Очевидно, это было у Толстого привычкой. Ничего «диковинного» в Короленко во всяком случае не было.
* * *
Гумилев был полнейшим профаном в музыке: не любил, не понимал и не знал ее. Но настойчиво утверждал, что о музыке можно говорить все что угодно: не понимает ее будто бы никто.
В редакции «Всемирной литературы» он как-то увидел ученейшего, авторитетнейшего «музыковеда» Б. — и сказал приятелям:
— Сейчас я с ним заведу разговор о музыке, а вы слушайте! Только вот о чем? О Бетховене? Что Бетховен написал? Ах, да, «Девятая симфония», знаю, — и подошел к Б.

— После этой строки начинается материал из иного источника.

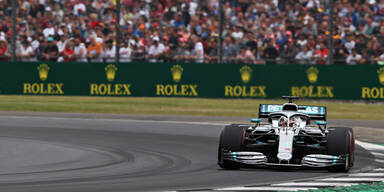 Hamilton holt Heimsieg - Mega-Wirbel um Vettel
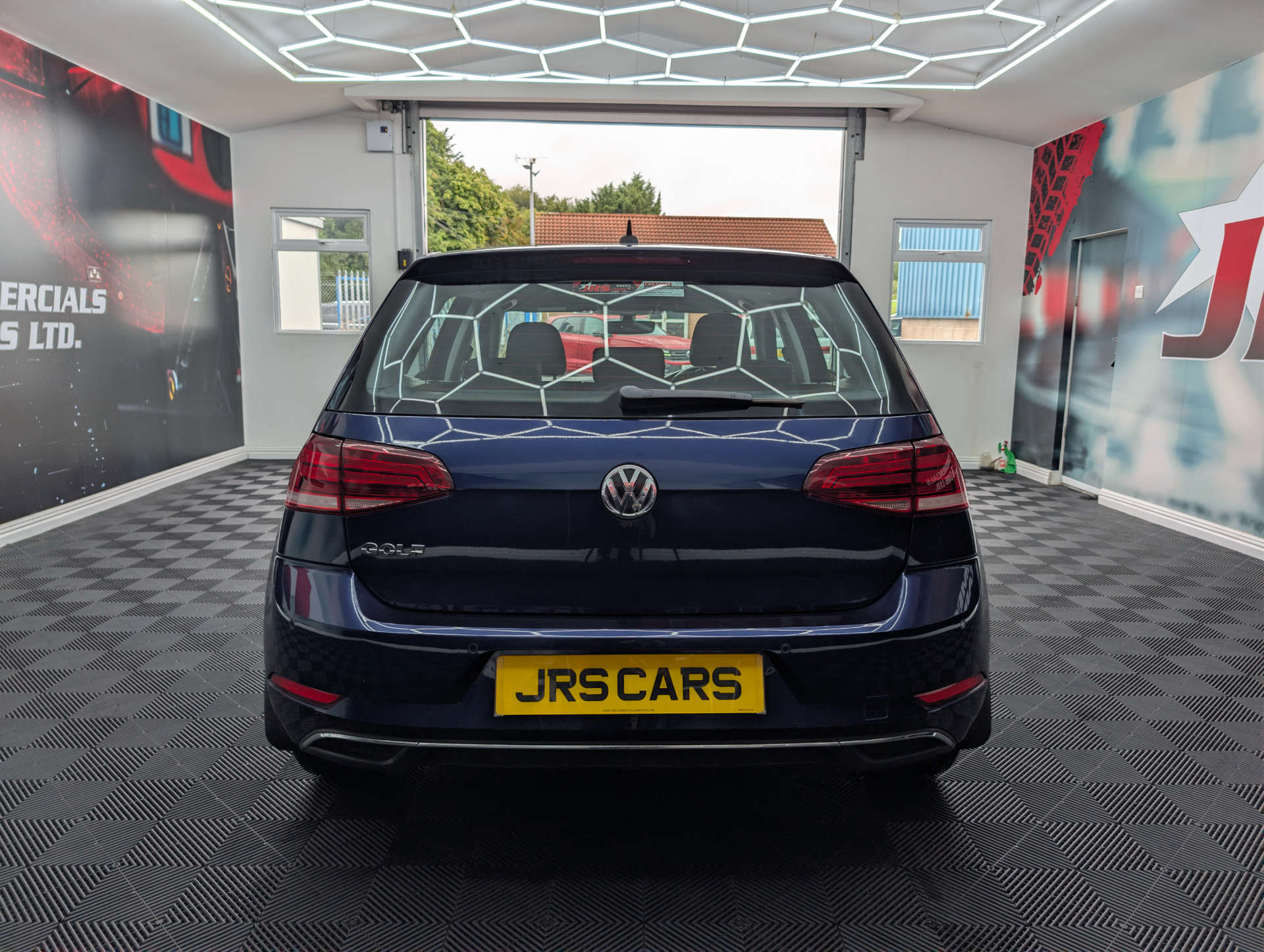 2018 VOLKSWAGEN GOLF 1.6 Golf SE TDI BlueMotion Technology Semi-Auto 5dr - vehicle photo 4 for sale on PureCar
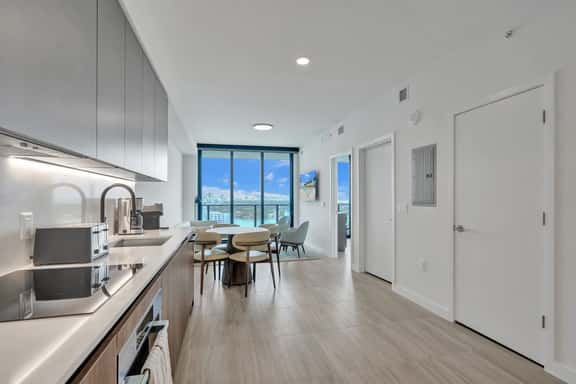 NEW: 1BR Miami Beach Condo w/ Pool, Walk to Ocean - Image 1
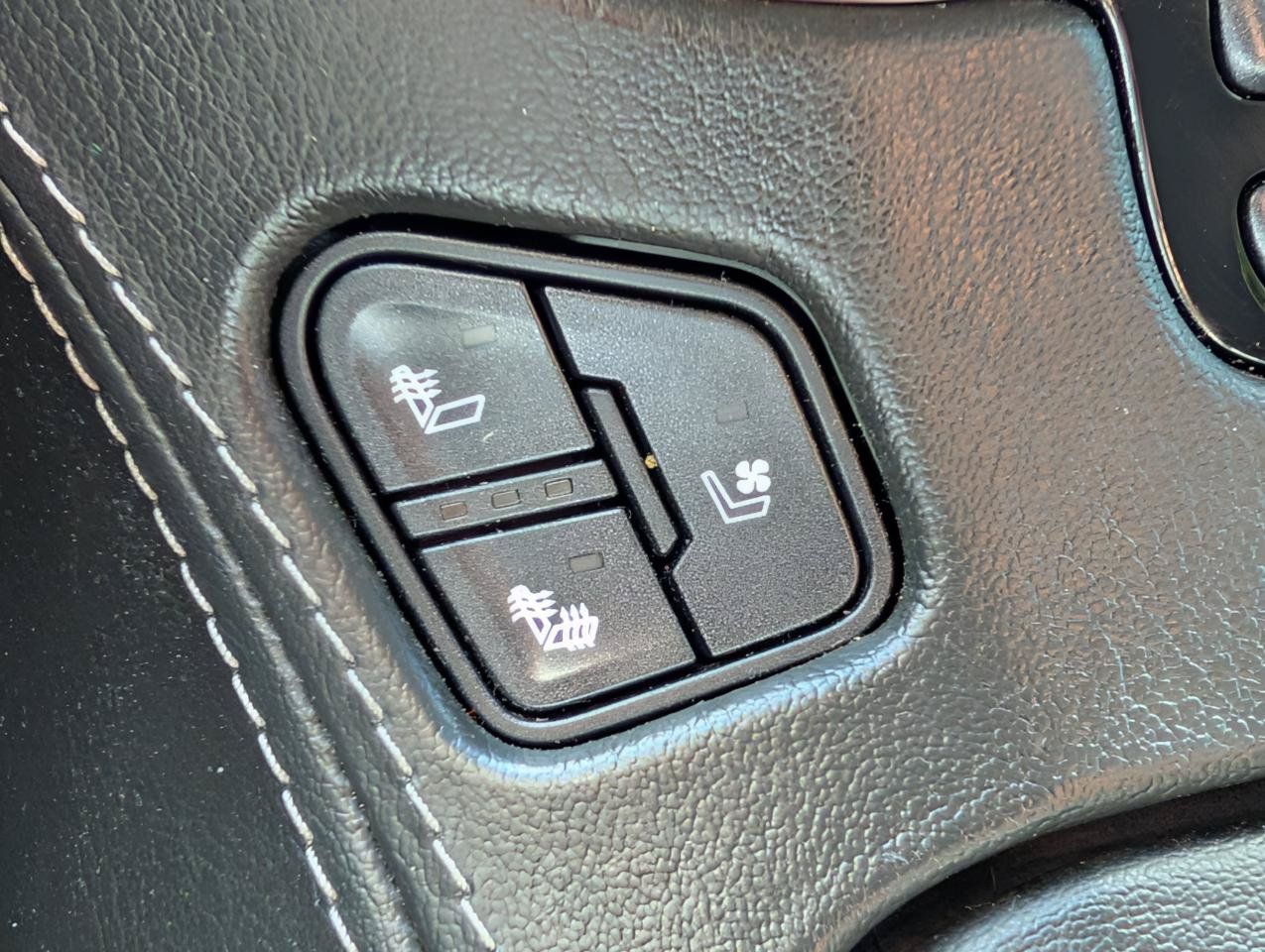 Used 2018 GMC Yukon Denali AWD/4WD image 29
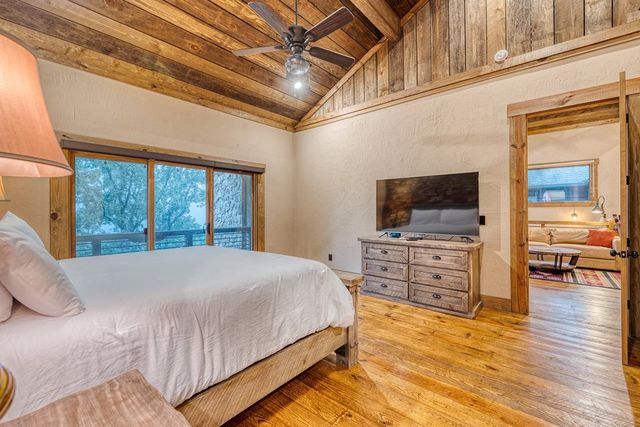 280 Pointe Of View, Blue Ridge, GA 30513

— Как я рад вас видеть, дорогой… (имя-отчество). Именно вас! Знаете, я вчера ночью почему-то все думал о Бетховене. По-моему у него в «Девятой симфонии» мистический покров превращается в нечто контрапунктически-трансцендентное лишь к финалу… Вы не согласны? В начале тематическая насыщенность несколько имманентна… как, например, в ноктюрнах Шопена…
На лице Б. выразилось легкое изумление, брови поднялись. Гумилев спохватился:
— Нет, конечно, не того Шопена… нет, Шопена проблематического… впрочем, я у него признаю лишь третий период его творчества! Но у Бетховена слияние элементов скорей физических с элементами панпсихическими в «Девятой симфонии» находит свое окончательное выражение в катарсисе, как у Эсхила… или нет, не у Эсхила, а, скорей, у Еврипида…
Длилась эта вдохновенная импровизация минут десять. Под конец Б. взволнованно сказал:
— Николай Степанович, вы должны непременно написать это! Непременно! Все это так оригинально, так ново, и позволю себе сказать… нет, не скромничайте, не возражайте!.. все это так глубоко! Вы меня чрезвычайно заинтересовали, Николай Степанович.
Гумилев торжествовал.
— А что? Кто был нрав? И ведь какую я околесицу нес!
* * *
Милюков у евразийцев.
Идти на собрание ему не хотелось, но уговорам он поддался. Выступления его все ждали с нетерпением. Милюков поднялся на эстраду с записной книжкой в руках, то и дело в нее заглядывая.
— Князь… да (книжечка) …князь Ширинскпй-Шахматов… высказал некоторые мысли, по-видимому, представляющиеся ему оригинальными. Позволю себе посоветовать ему заглянуть в том пятый… (здесь название какого-то исторического труда, не помню, какого именно). Он мог бы найти там свои суждения, изложенные… Я бы сказал, несколько более систематически. А, впрочем, не отрицаю… В ваших взглядах есть кое-что любопытное. И слово любопытное… (книжечка) …Евразия. Ев-ра-зия! Любопытно. Впрочем, можно было бы сказать и иначе — Азиопа. Тоже недурно!
* * *
Кто-то из сотрудников «Последних новостей», — если не ошибаюсь, покойная Ю. Л. Сазонова, — в статье своей назвала имена Пушкина и Ломоносова рядом, как одинаково значительные в истории России.
Милюков, просматривая рукопись, эти строчки вычеркнул. В редакции возник спор: чьи заслуги Милюков ценит больше, кого ставит выше? Мнения разделились.
Оказалось, Милюков вступился за Пушкина.
* * *
Зинаида Гиппиус жалуется, что Милюков по целым неделям задерживает её статьи и вообще «намерен отказать ей от дому».
– И вы знаете, что он мне сказал? Нет, вы не поверите! Он сказал: «Я слишком стар и слишком занят, чтобы уследить за всеми шпильками, которыми вы украшаете ваши фельетоны». Как вам это нравится, а? У меня шпильки!
* * *
История, которую мог бы рассказать Чехов, или даже Чехонте. Нечто вроде «Смерти чиновника» — о плевке на лысину его превосходительства.
Жил в Париже старичок, когда-то лицо виднейшее, чуть ли не товарищ министра, и ежедневно ходил обедать в скромный русский ресторан под названием «Ласточка».
Прислуживали в ресторане дамы обычного эмигрантского типа: каждая бывала при дворе, у всех были несметные миллионы, особняки, кареты, имения, а если случалось, одна из них была артисткой, то конечно знаменитостью и солисткой Его Величества. Других дам, как всем известно, в эмиграции до крайности мало.